In Parker v. Kinsman & Tr. 8 Mass. R. 486, it was held, that where goods were thus conveyed to an assignee, in trust, the creditors not being parties, the assignee was chargeable as trustee of the attaching creditor. But it proceeded on the ground, that the title of the assignee was good against the assignor, and that the assignee had the actual custody and possession of the goods, and so by force of the terms of the trustee law, the goods stood charged by the attachment. It created a specific lien in the goods, as if specifically attached. So it was held in a later case, Burlingame v. Bell, 16 Mass. R. 318. They proceed on the ground that the goods are specifically attached, and charged with a legal lien, and the law provides, that the goods themselves may be surrendered by the trustee to answer the attachment. But we think it a very different case, when the goods are never within the jurisdiction of the State, nor liable to attachment, and when as well in equity as in law, they are already charged for the payment of the debts of the owner, by a proceeding good and valid where it took place, and where the property is held.

It would be a very different question if it related to goods situated in this Commonwealth, claimed by such an assignment made in another State, and attached by a creditor, a citizen of this State ; or if it were a debt due from a citizen of this State, claimed by assignees, on the one side, and by a trustee attachment by a citizen of this State, on the other.

Were it not, that the law on this whole subject is now altered by legislative enactment, it might be useful to revise all the decisions upon it, and to endeavour to extract from them a uniform system. As it is, I will allude to a few only.

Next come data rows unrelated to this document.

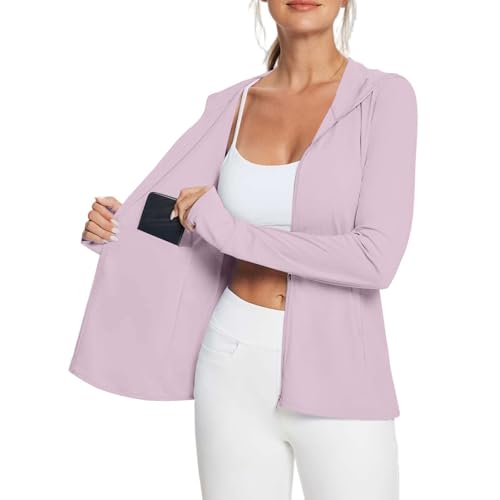 Sudadera con capucha rosa XS de protección solar con cremallera completa para mujer 3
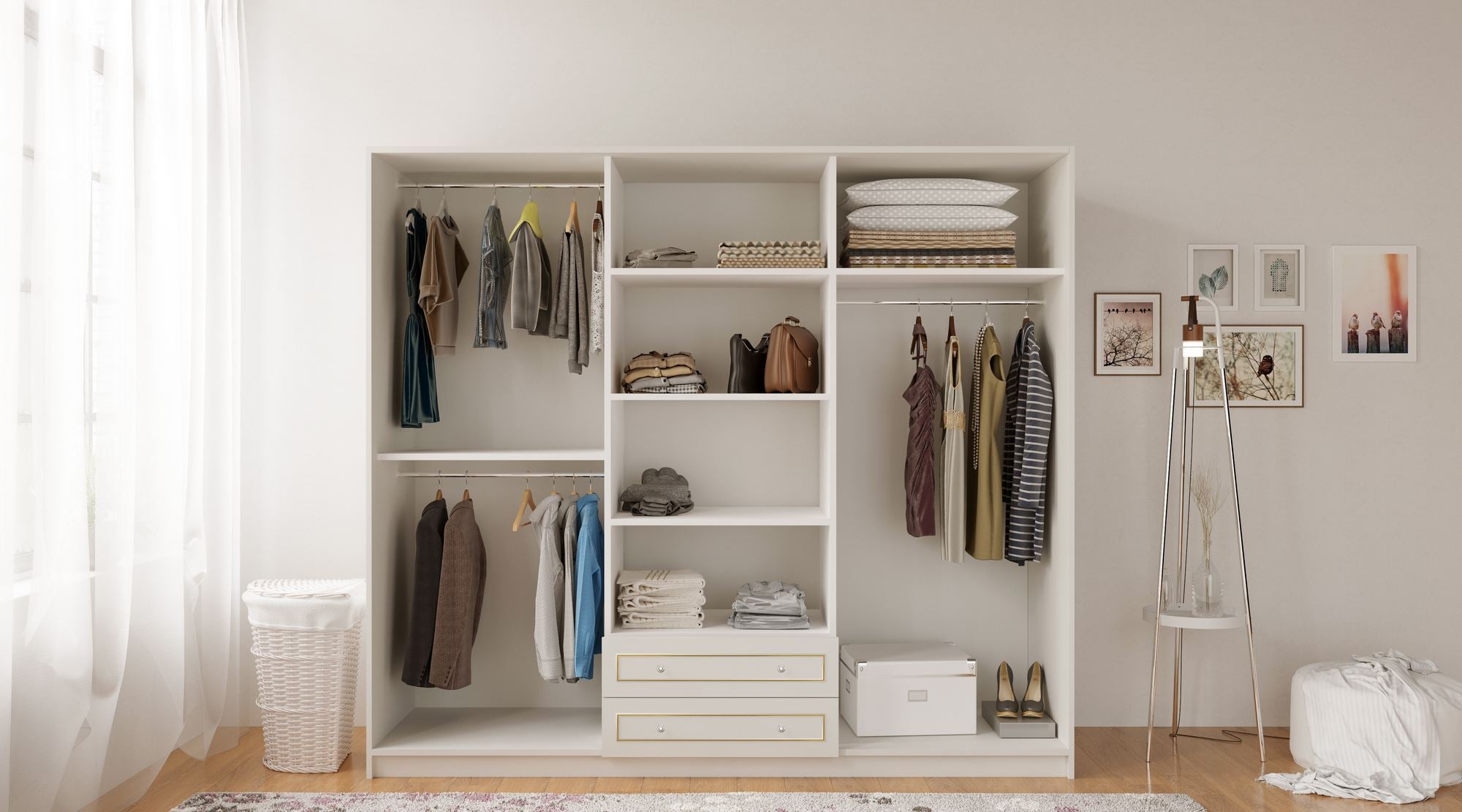 Guarda-roupa – 210 cm x 210 cm x 52 cm – Branco fosco – Aglomerado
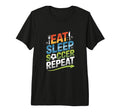 Eat Sleep Soccer Repeat Tri Blend T-Shirt - Aesthetic Graphic for Adults - T-Shirt, Sweatshirt, Hoodie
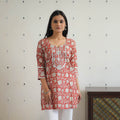 Red Block Printed Cotton Gota Work Short Bagru Kurta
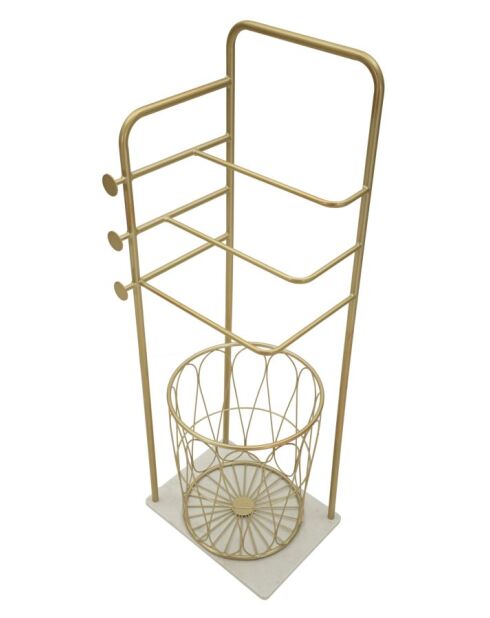 Porte-serviettes sur pied en métal et marbre artificiel Trip or/blanc – 40x30x112 cm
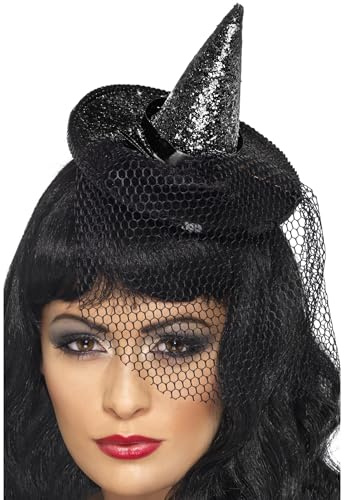 Halloween! Smiffys Stirnband Mini-Hexenhut, Schwarz, Glitzer mit Netz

In Fall River Iron Works v. Croade & Tr. 15 Pick. 11, it was held, that an assignment made in another State, though it might be valid to pass property in the State where made, would not be such an assignment of a debt due from a citizen of this State as to defeat an attachment, subsequently made, by a citizen of this State.

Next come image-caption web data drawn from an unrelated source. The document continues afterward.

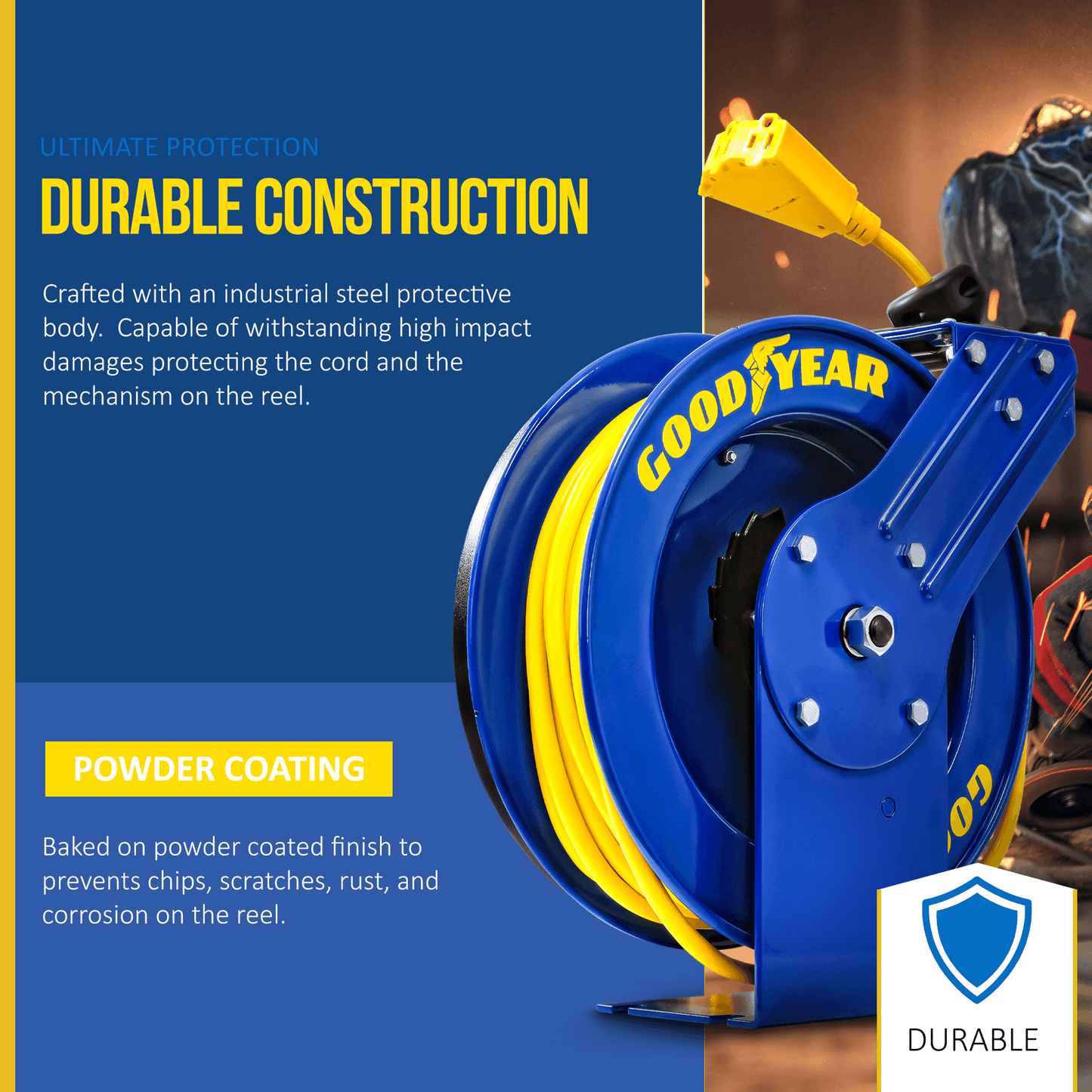 Goodyear Industrial Retractable Extension Cord Reel - 12AWG x 50' Ft, 3 Grounded Outlets, Max 13A Cord Reel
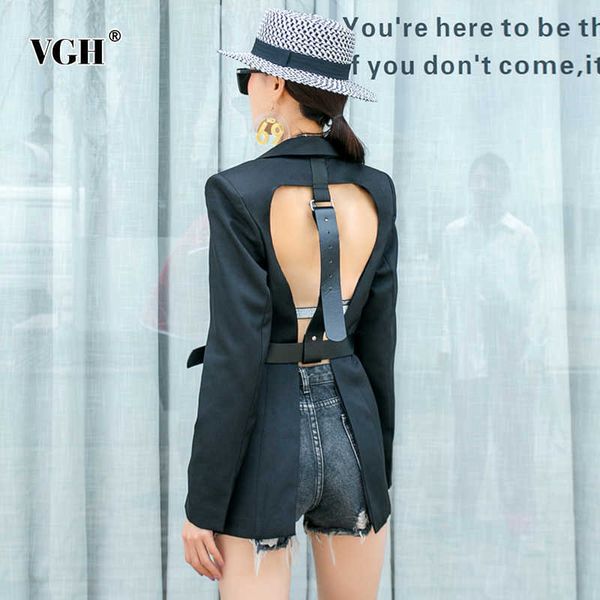 

vgh backless short for women notched long sleeve hollow out streetwear blazer female clothing fall fashion 210930, White;black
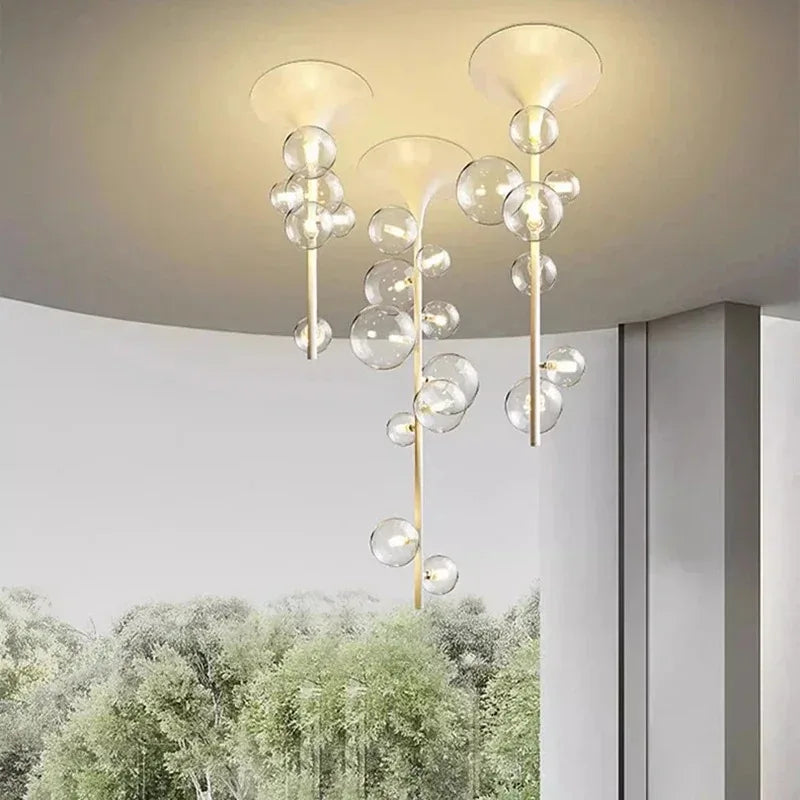 DecorBites™ LED Bubble Chandelier Clear Glass Ball Pendant Lamp for Dining Room & Bar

The authority of this case has been sometimes called in question ; but I am not aware that it has been overruled.

In Whipple v. Thayer, 16 Pick. 25, and Daniels v. Willard, 16 Pick. 36, it was held that an assignment made in another State, valid by the laws of that State, was sufficient to transfer personal property, being at the time within the jurisdiction of this State, as against an attachment made by a citizen of the State where the assignment was made.

Burlock v. Taylor & Tr. 16 Pick. 335, was in fact decided upon the same ground. The point now under consideration was alluded to, as one undecided, and not necessarily arising in that case. I believe the fact to be, that the case of Fall River Iron Works v. Croade, was not then published ; it was not cited in the argument or alluded to in the opinion.

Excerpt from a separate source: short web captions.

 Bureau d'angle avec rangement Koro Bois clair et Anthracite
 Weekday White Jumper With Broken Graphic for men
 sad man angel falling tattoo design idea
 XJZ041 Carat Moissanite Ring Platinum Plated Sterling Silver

In Newman v. Bagley & Tr. 16 Pick. 570, it is intimated as the general rule, that an assignment valid by the laws of the place where it is made, and where the assignor has his domicil, will be supported here. The point is not discussed, and the cause was decided on the ground, that as the case stood before the Court, on the trustee’s answer, the assignment must be deemed valid by the law of Massachusetts.

In the case of Osborn v. Adams, in Berkshire, it was held that a voluntary assignment in another State, ancillary to a commission of insolvency under a statute local in its operation, was not sufficient to pass real estate in this Commonwealth, so as to defeat the title of a subsequent attaching creditor. It proceeded on the ground, that there was no sufficient legal consideration for the conveyance, to give it effect against the attachment of a creditor of the grantor.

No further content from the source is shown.